DIRECTIONS FOR THIS TASK: Take the entries below and retype them word for word, excluding the images.

(INPUT DATA begins)

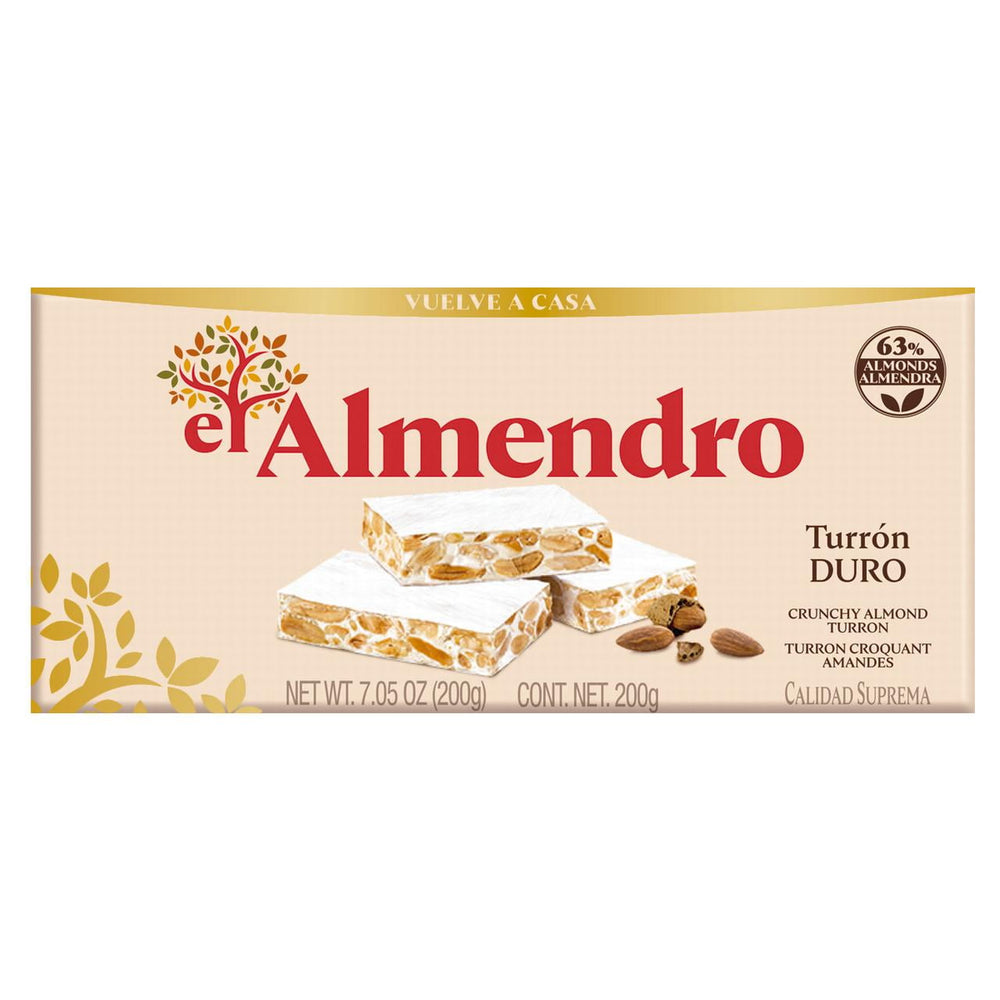 El Almendro Almond Turron · Nueces · 200 g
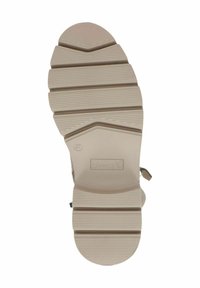 Caprice Stivaletti con plateau - taupe nubuc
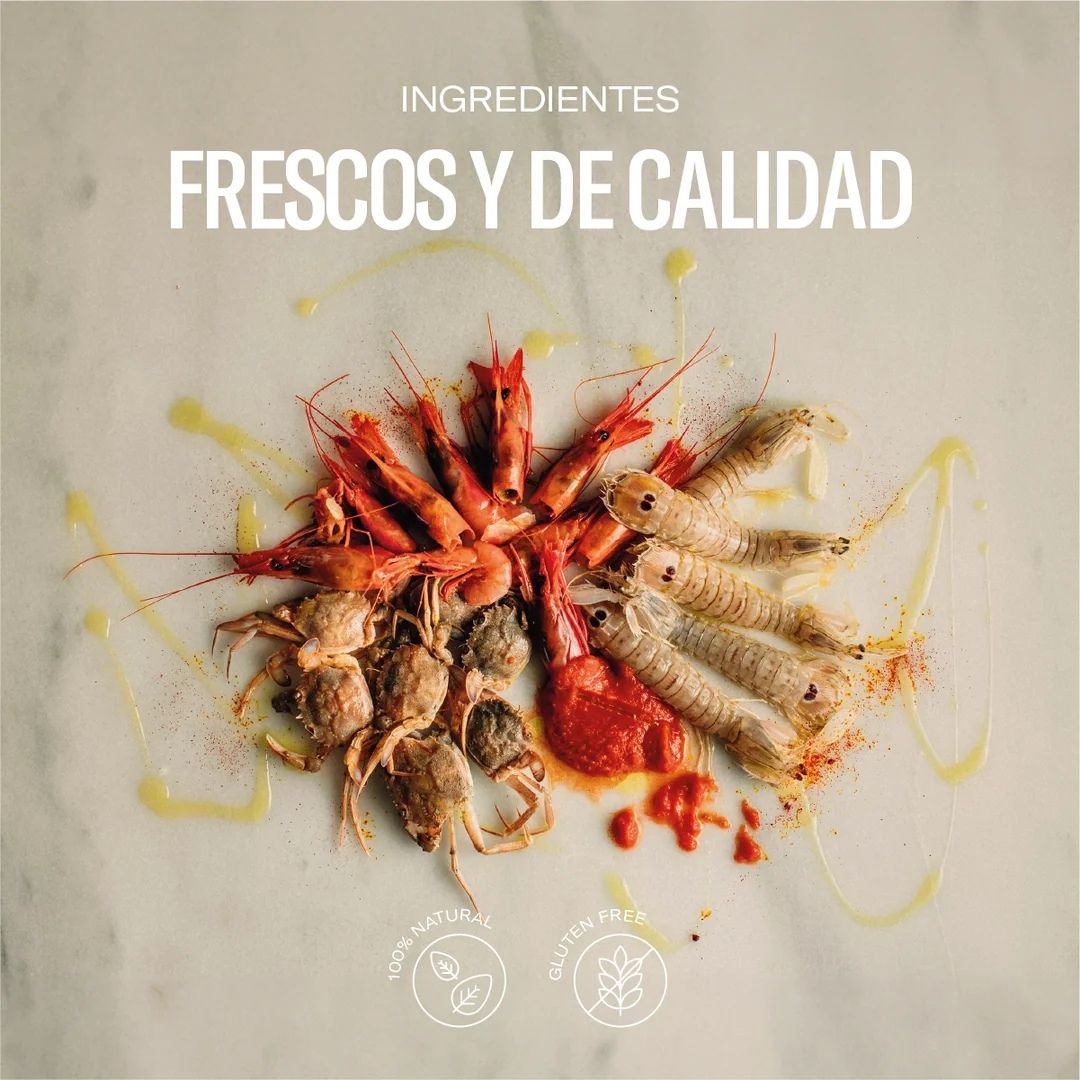 Fumet de Marisco a Leña con Sofrito, El Paeller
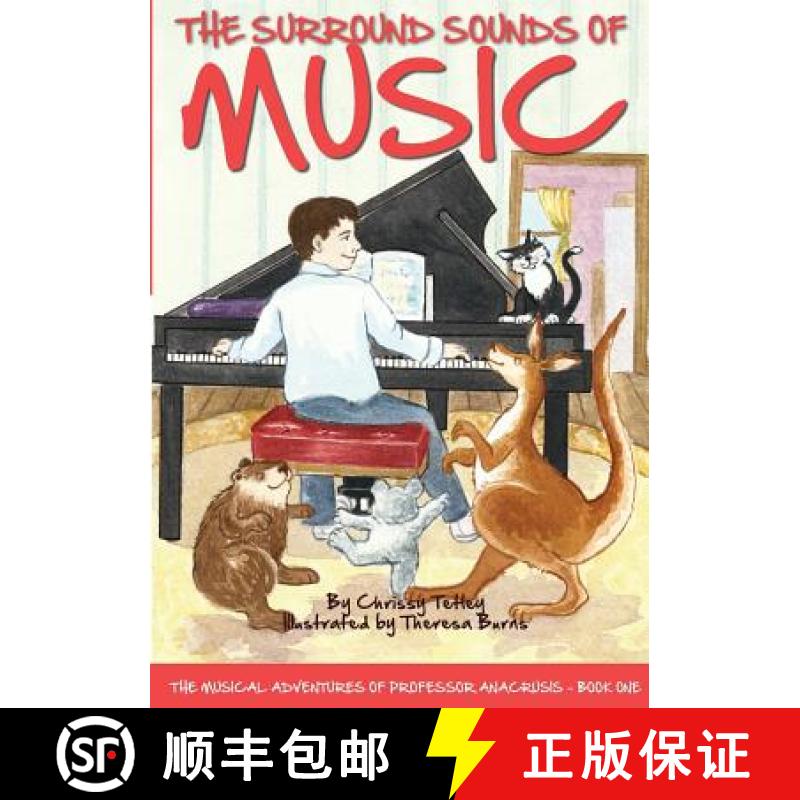 【2-3周达】The Surround Sounds of Music [9780987296818]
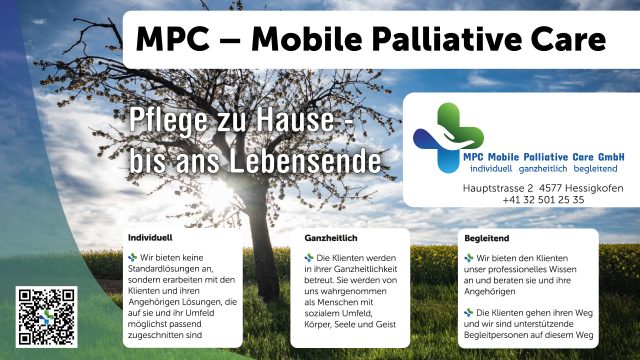 Werbekunde MPC - Mobile Palliative Care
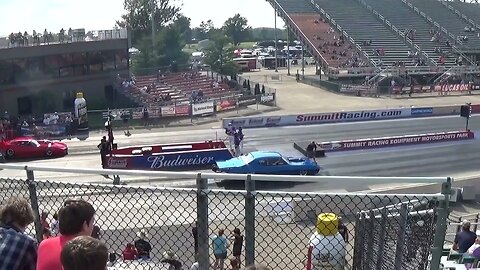 Gary Cygan runs 6.427 at 234.17 mph at Norwalk 2021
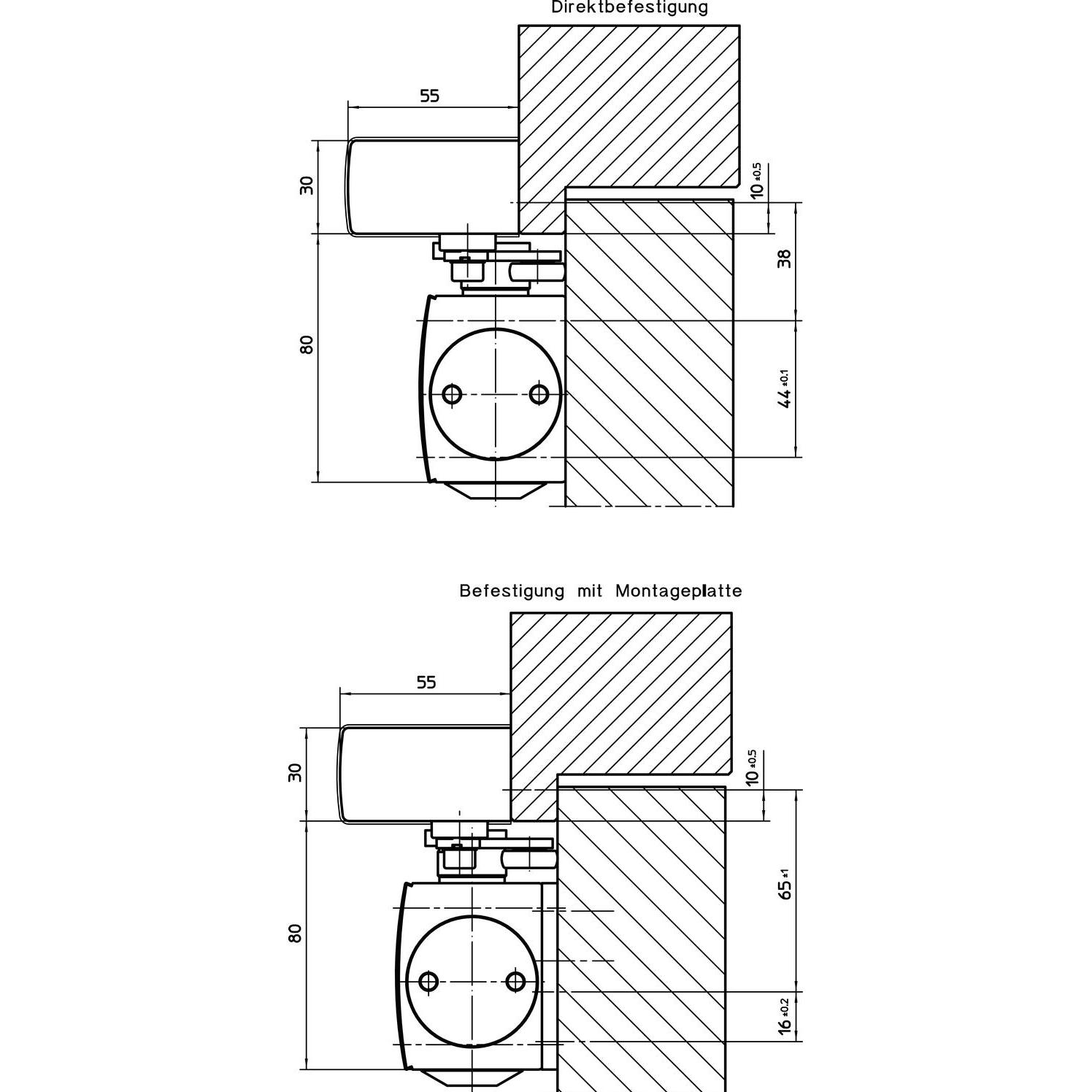 Thumbnail - Geze, Türöffner + Türschliesser, Türschliesser TS 5000L R-ISM-BG VP, EN 2-6, 2-flg. Gleitschiene, silber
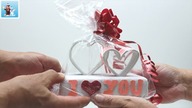 How to Make Two Lovely Hearts - Art and Craft Ideas
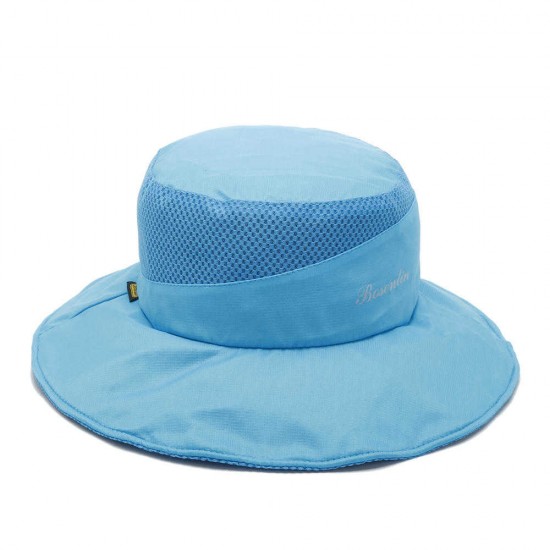 Women Men Outdoor Thin And Light Quick-Drying Hat Anti-UV Sunshade Fishing Hat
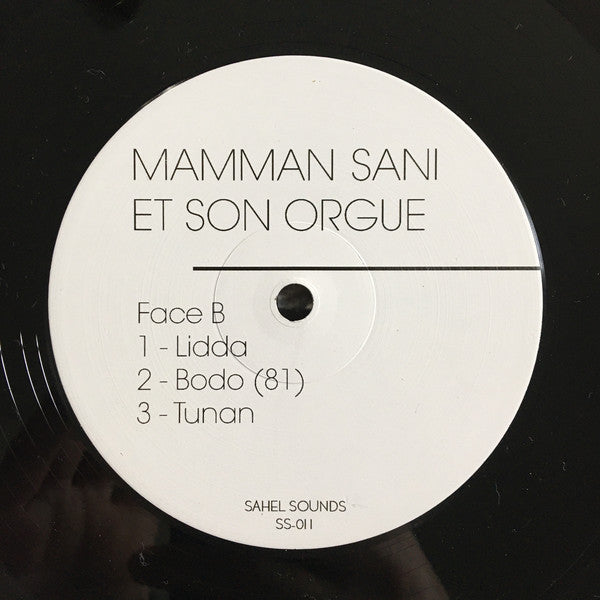 Mamman Sani* : La Musique Électronique Du Niger (LP, RM, RP)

(INPUT DATA ends)

SOLUTION FOR THIS PROBLEM:
 El Almendro Almond Turron · Nueces · 200 g
 Caprice Stivaletti con plateau - taupe nubuc
 Fumet de Marisco a Leña con Sofrito, El Paeller
 【2-3周达】The Surround Sounds of Music [9780987296818]
 Werbekunde MPC - Mobile Palliative Care
 Gary Cygan runs 6.427 at 234.17 mph at Norwalk 2021
 Thumbnail - Geze, Türöffner + Türschliesser, Türschliesser TS 5000L R-ISM-BG VP, EN 2-6, 2-flg. Gleitschiene, silber
 How to Make Two Lovely Hearts - Art and Craft Ideas
 Women Men Outdoor Thin And Light Quick-Drying Hat Anti-UV Sunshade Fishing Hat
 Mamman Sani* : La Musique Électronique Du Niger (LP, RM, RP)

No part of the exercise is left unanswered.